Posisi tersebut, lanjut Bob, menjadikan Indonesia unggul dari China ataupun India, dua negara yang hari ini justru mengalami pertumbuhan ekonomi tertinggi di kawasan Asia.
Bob menyayangkan bahwa timbulnya polemik baru terkait sistem UMP akan menjadikan investor kembali ragu-ragu untuk berinvestasi di Indonesia. Padahal Indonesia punya peluang untuk memperkuat industri, yang pada gilirannya mendukung pertumbuhan ekonomi melalui kepastian hukum.
Sayangnya, hal ini tertunda lantaran kembali terjadi ketidakpastian dalam beberapa tahun terakhir, termasuk soal sistem pengupahan tersebut. Kasus yang kembali ulang setelah lebih dari 13 tahun.
Bob mengingat pada tahun 2011 silam polemik sistem pengupahan sampai terjadi kerusuhan dimana buruh melakukan penutupan jalan tol. "Padahal waktu itu Indonesia menjadi negara nomor satu tujuan investasi," ujar dia.

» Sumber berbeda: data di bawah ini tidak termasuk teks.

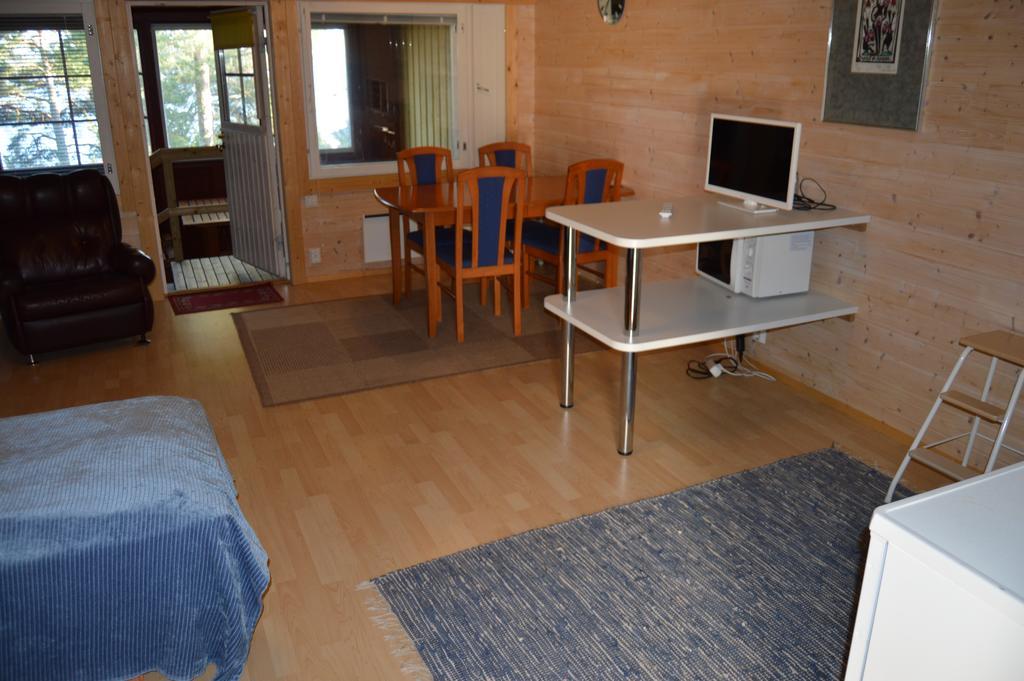 Vuosnaisten Meriasema Kustavi Room photo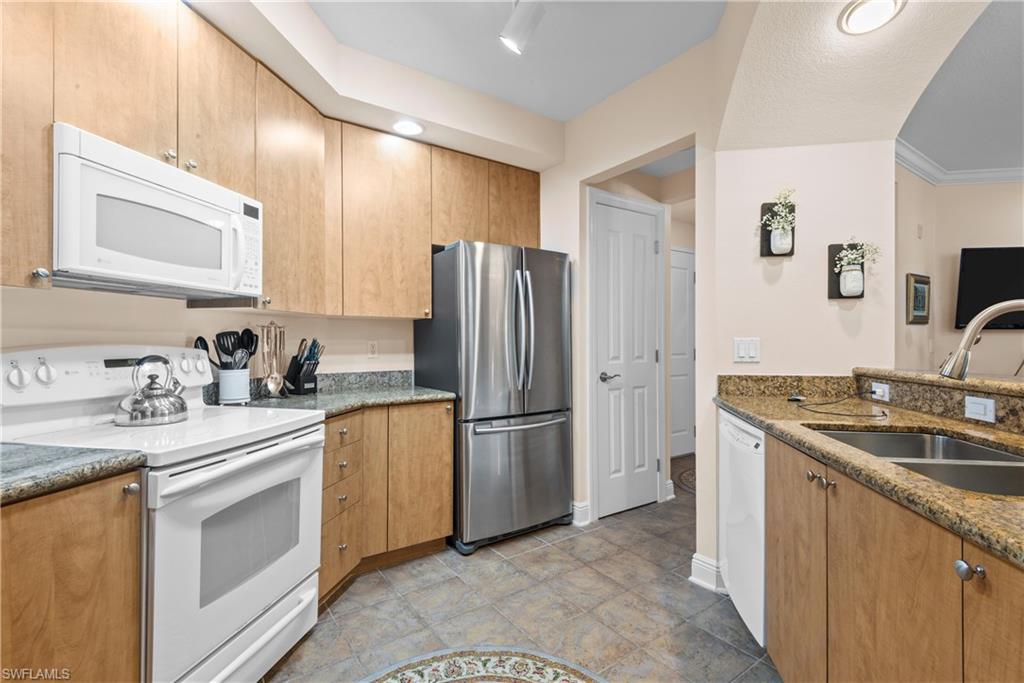 2825 Palm Beach BLVD 213 photo 26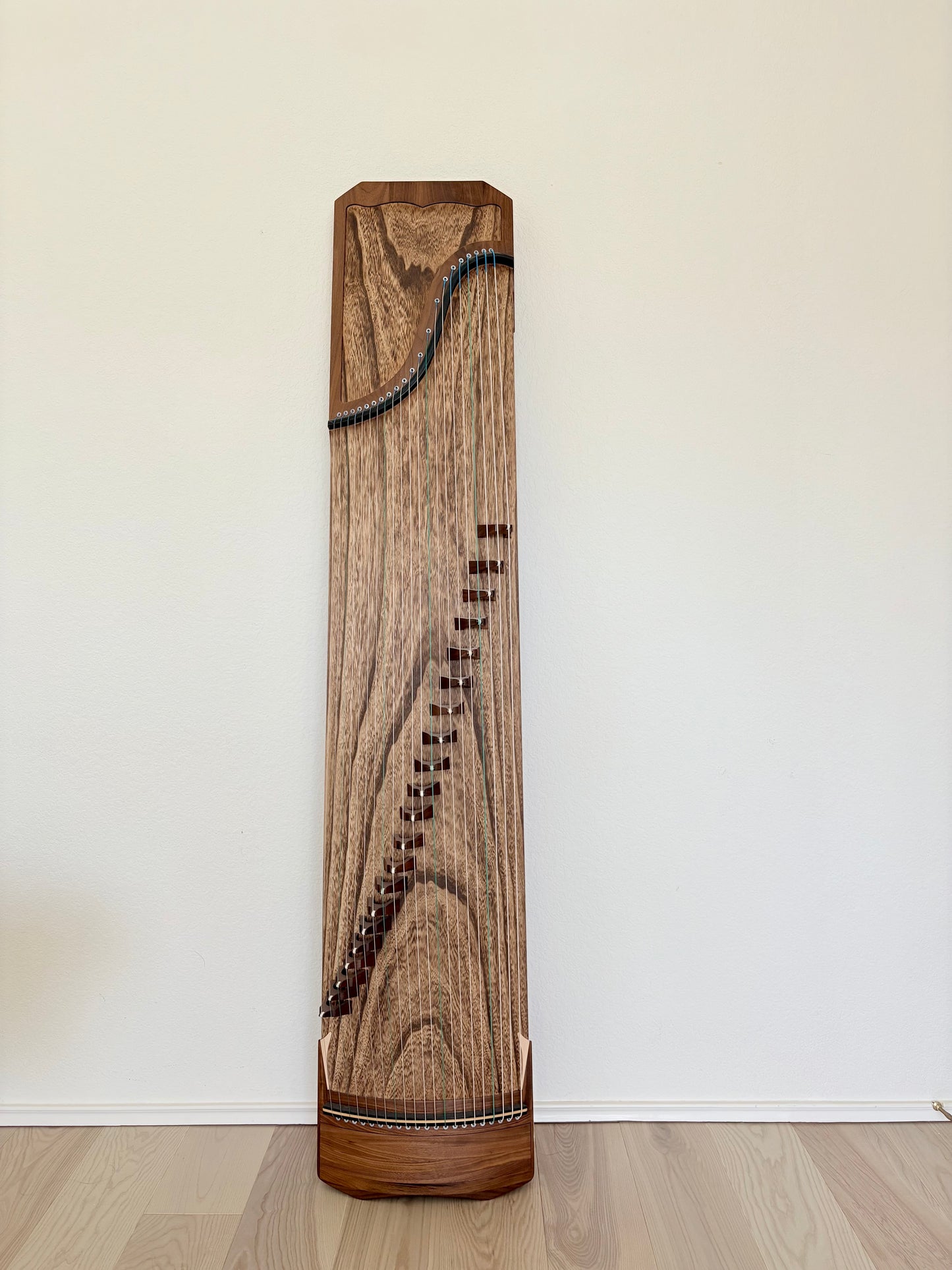 Caiyue Single-piece hand carved 采乐手工整挖 胡桃木大纳采 Large Na Cai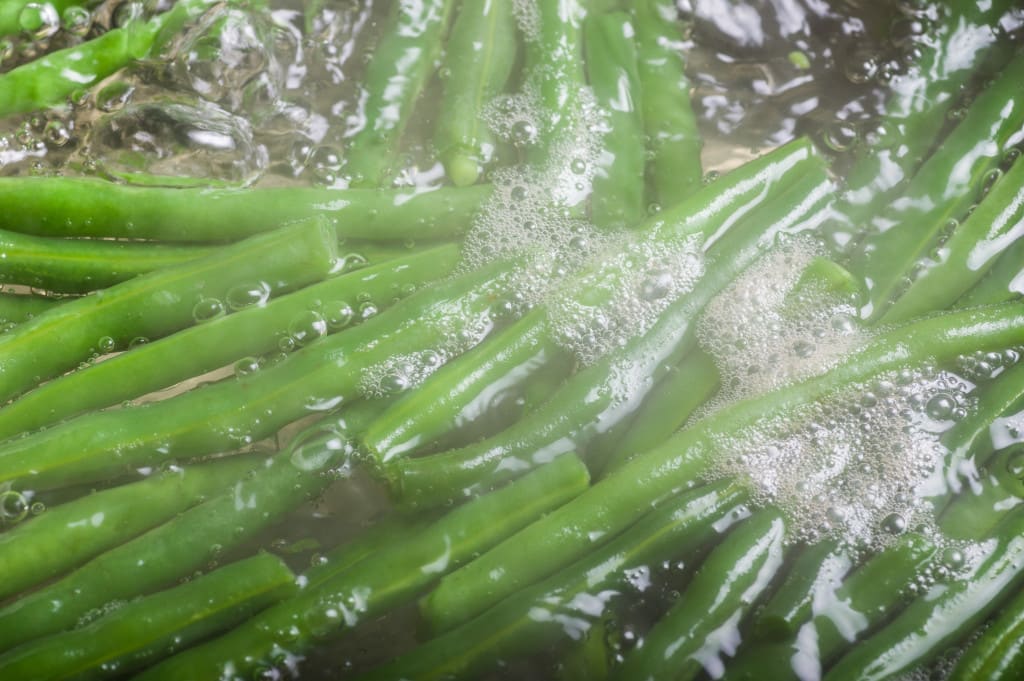 blanching vegetables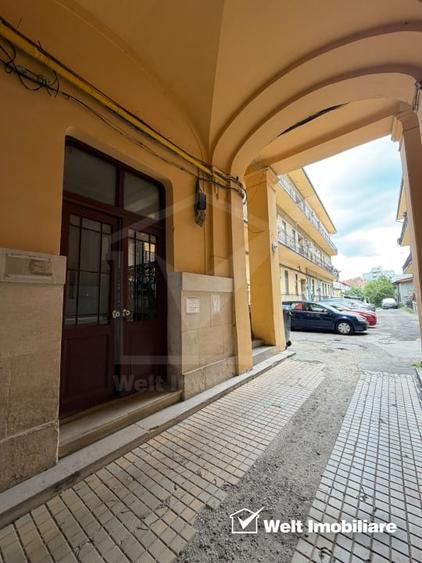 Apartament cu 2 camere semidecomandat, mobilat în Central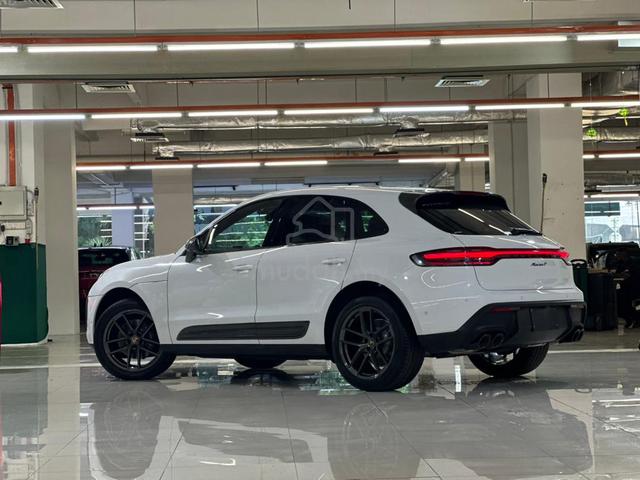 (NEW ARRIVAL + LOW MILEAGES) 2023 Porsche MACAN T - 2
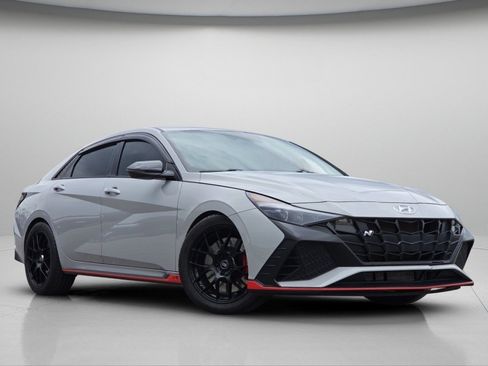 Used 2023 Hyundai Elantra N FWD image 2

"Jadi beberapa kali kita miss opportunity hanya karena masalah upah minimum, dan sampai 13 tahun kalau kita nyekolahin anak 'udah SMP belum selesai'. Kita sampaikan kepada Menteri, kita kecewa. Tapi kita gak boleh berhenti berharap terhadap negara ini."
Adapun, pemerintah hingga saat ini masih mengkaji soal rencana penetapan upah minimum provinsi (UMP) untuk tahun 2025, sejalan dengan keputusan Mahkamah Konstitusi (MK) yang meminta penyesuaian upah pada akhir Oktober lalu.
Keputusan tersebut berasal dari gugatan kalangan aliansi buruh meliputi FSPMI, KSPSI, KPBI, KSPI, dan juga Partai Buruh terhadap Undang-undang Cipta Kerja (UU Ciptaker).
Menaker Yassierli menargetkan penetapan upah minimum provinsi (UMP) akan disampaikan pada akhir bulan ini, atau selambatnya awal Desember, sambil menunggu arahan dari Presiden Prabowo Subianto.
"Kami targetnya Permenaker mengenai UMP diumumkan akhir bulan ini," ujar Yassierli kepada wartawan usai menemui Prabowo di Istana Negara, Senin (25/11/2024) kemarin.